The substitution method is a powerful technique to simplify complicated equations. By introducing a new variable, we can turn a complex problem into a simpler one. For instance, in the problem, we let \( y = (x + 2)^{2} \). This changes the original equation into a quadratic form: \( 6y^{2} - 11y = -4 \). The new equation is easier to handle because it is a standard quadratic. This method is especially useful when dealing with polynomial or rational equations. By replacing parts of the equation with a new variable, we simplify the original expression, making it easier to solve.
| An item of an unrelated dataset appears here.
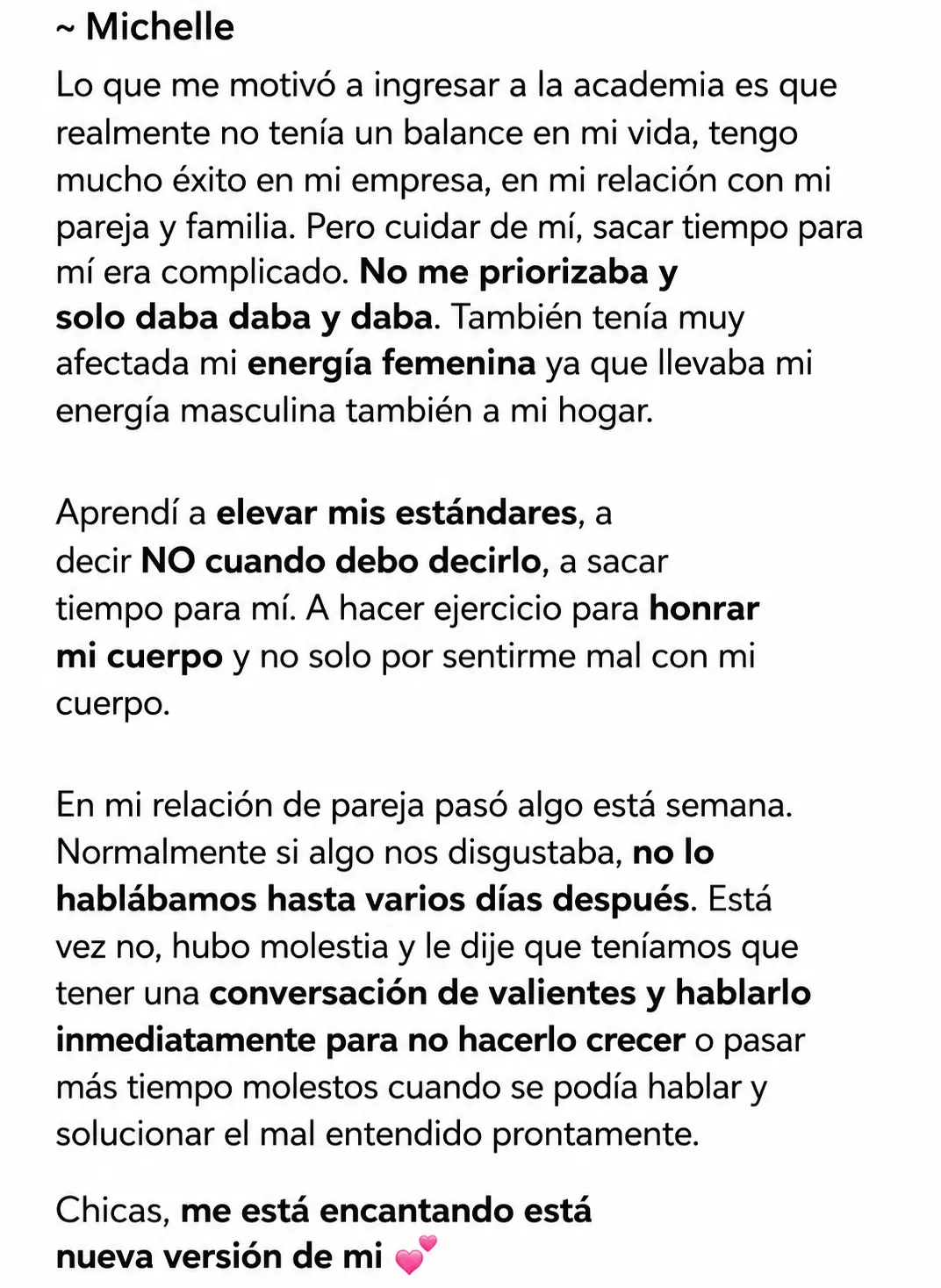 Testimonio Michelle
Factoring quadratics is a technique used to break down a quadratic equation into simpler, solvable parts. After substitution, the equation became \( 6y^{2} - 11y + 4 = 0 \). We then factored it into \( (3y-4)(2y-1) = 0 \). Factoring makes it easy to find the solutions: set each factor to zero and solve for \( y \). This process involves:

• Finding two numbers that multiply to the constant term (in this case, 4) and add to the coefficient of the middle term (in this case, -11).
• Using these numbers to break the middle term and factor by grouping.
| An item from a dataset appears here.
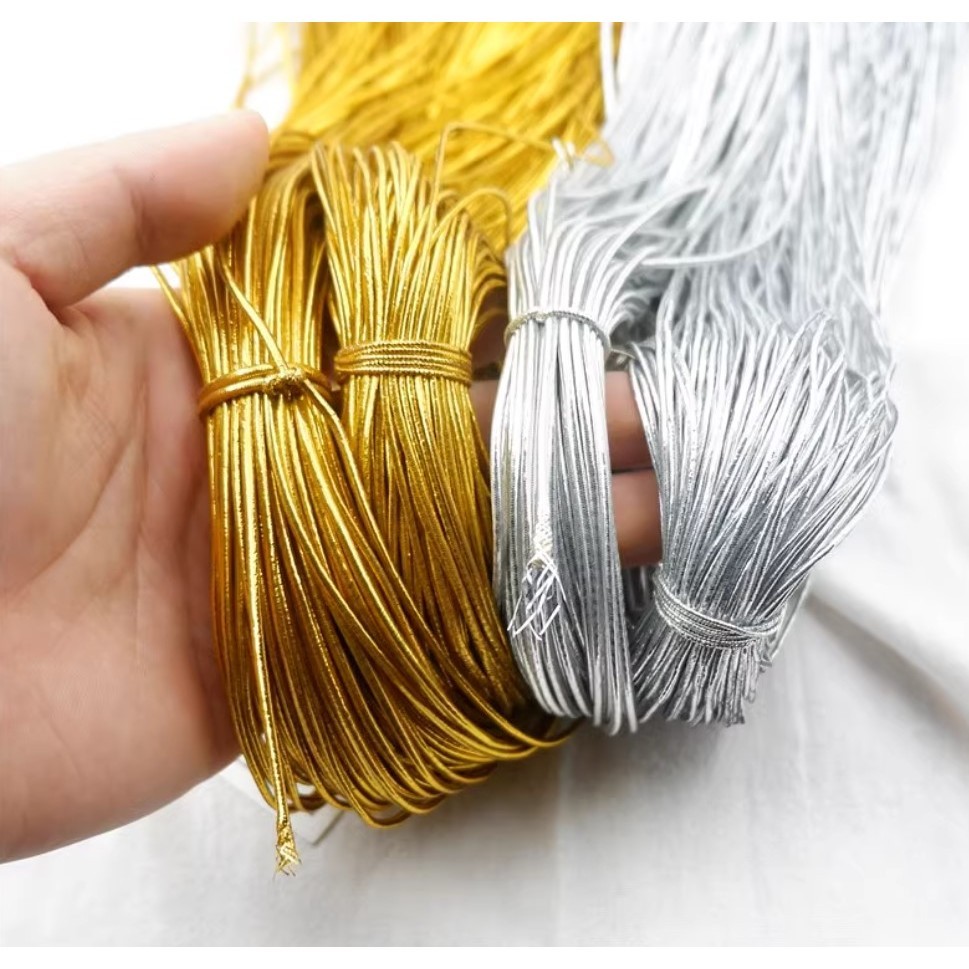 1mm/1.5mm 5y golden elastic tag rope card cup rubber band 1mm golden ...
Once the quadratic is factored into binomials, solving them individually gives the possible values for \( y \).

Completing the square is a method to solve quadratic equations by transforming them into a perfect square trinomial. Although this method was not directly used in our problem, it's another way to solve quadratics. To complete the square:

• Ensure the quadratic equation is in the form \( ax^2 + bx + c = 0 \).
• Move the constant term to the other side: \( ax^2 + bx = -c \).
• If \( a \) is not 1, divide the entire equation by \( a \).
• Add and subtract \( \left( \frac{b}{2a} \right)^2 \) inside the equation.
• Rewrite the left side as a square of a binomial.
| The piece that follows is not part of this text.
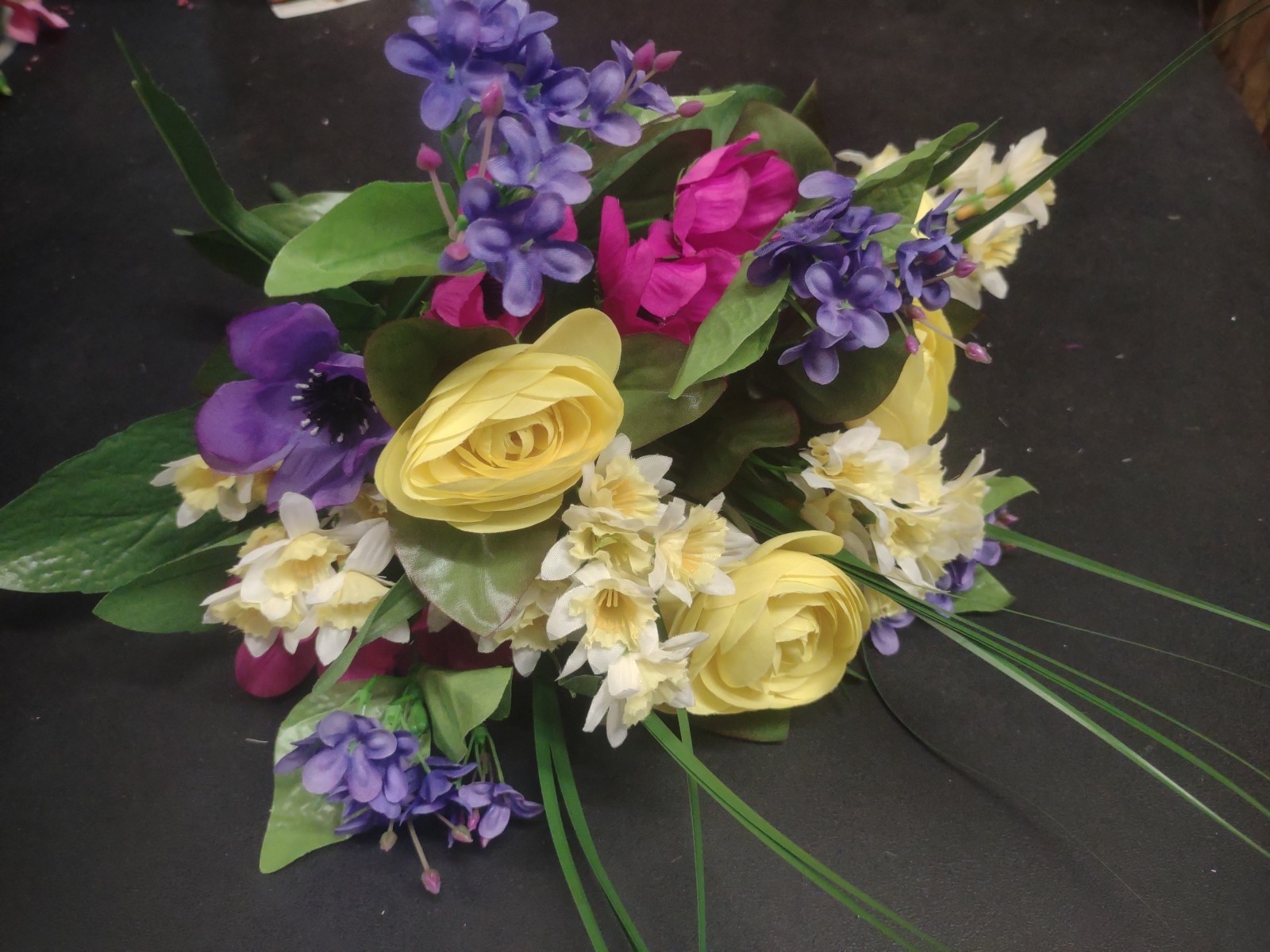 14″ Silk Ranunculus & Anemone Mixed Bouquet Bush, 13 Stems, Yellow Blue Fuchsia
This method transforms the quadratic into an equation of the form \( (x+p)^2 = q \), which can be easily solved by taking the square root.

Radical expressions involve numbers and variables under the radical sign. In our solved problem, after substituting back, we ended up with \( (x + 2)^{2} = \frac{4}{3} \) and \( (x + 2)^{2} = \frac{1}{2} \). Solving these required taking the square root of both sides:

• \( x + 2 = \pm \sqrt{\frac{4}{3}} \)
• \( x + 2 = \pm \sqrt{\frac{1}{2}} \)

This step introduced radical expressions. Taking the square root of a fraction involves taking the square root of both the numerator and the denominator individually. Simplifying these square roots gave us the final solutions. Understanding how to work with radicals is crucial as they often appear in algebra and calculus.